» Exercise brief
Lines from the one containing "Then in this" through the final line of the data, restated word for word and free of pictures, make up the whole answer.

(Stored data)
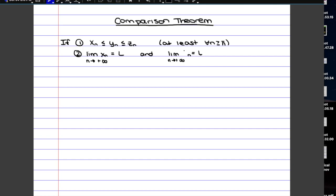So the proof for this is going to be pretty straightforward. It just applies the definition of convergence that I went over in the uniqueness of the limit video. The definition of convergent says that if a sequence converges to a value, let's say to zero.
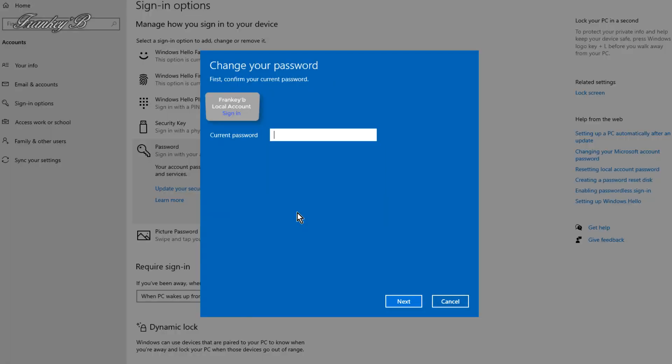Then in this dialog box, type in your current password and then click Next.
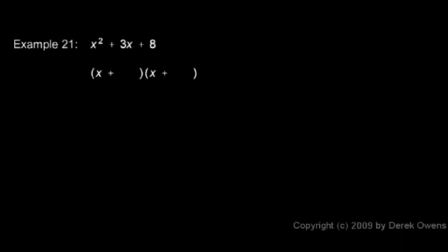In example 21, we have x squared plus 3x plus 8. So we need two numbers that are going to add up to 3 and that will multiply to give me 8. So we think, what two numbers add up to 3 and multiply to give us 8?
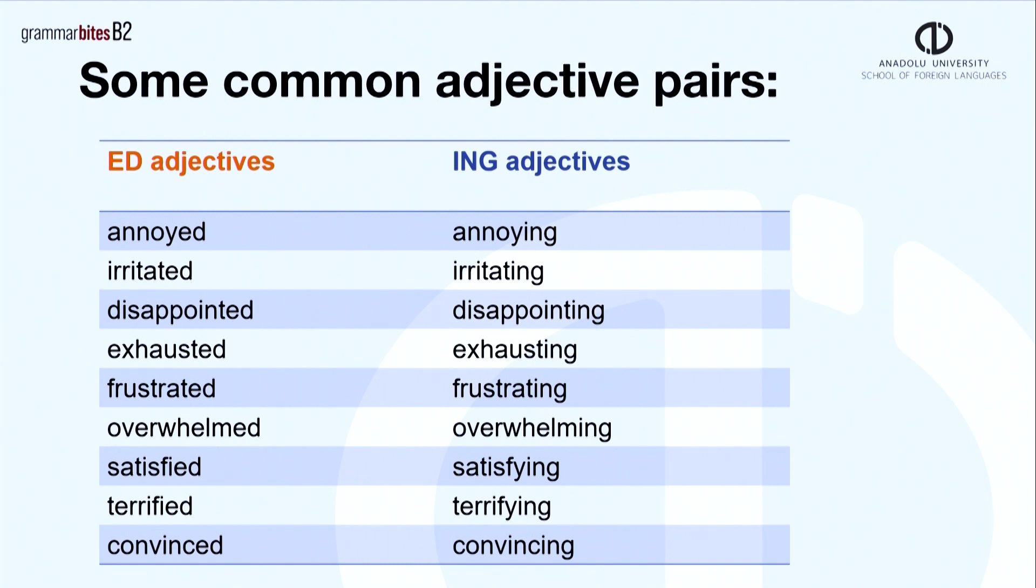Here are some more pairs, but this is not a complete list. There are others. Annoyed, annoying. Disappointed, disappointing. Satisfied, satisfying, etc.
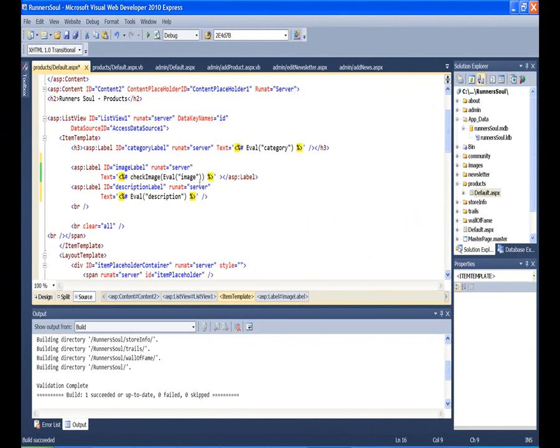And since, again, the text is being written to a label, the description text, the HTML stuff will be interpreted as HTML, so everything works out great.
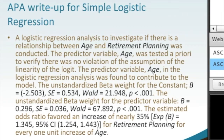Standard error, Wald, p-value less than .001. The estimated odds ratio favors an increase — and this is our interpretation — it favors an increase of nearly 35%, where the exponentiated beta equals 1.345, which is our point estimate. Then we've got our population estimate: a 95% confidence interval range for retirement planning for every one unit increase in age. That last sentence is really our interpretation.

» Response area
Then in this dialog box, type in your current password and then click Next.
In example 21, we have x squared plus 3x plus 8. So we need two numbers that are going to add up to 3 and that will multiply to give me 8. So we think, what two numbers add up to 3 and multiply to give us 8?
Here are some more pairs, but this is not a complete list. There are others. Annoyed, annoying. Disappointed, disappointing. Satisfied, satisfying, etc.
And since, again, the text is being written to a label, the description text, the HTML stuff will be interpreted as HTML, so everything works out great.
Standard error, Wald, p-value less than .001. The estimated odds ratio favors an increase — and this is our interpretation — it favors an increase of nearly 35%, where the exponentiated beta equals 1.345, which is our point estimate. Then we've got our population estimate: a 95% confidence interval range for retirement planning for every one unit increase in age. That last sentence is really our interpretation.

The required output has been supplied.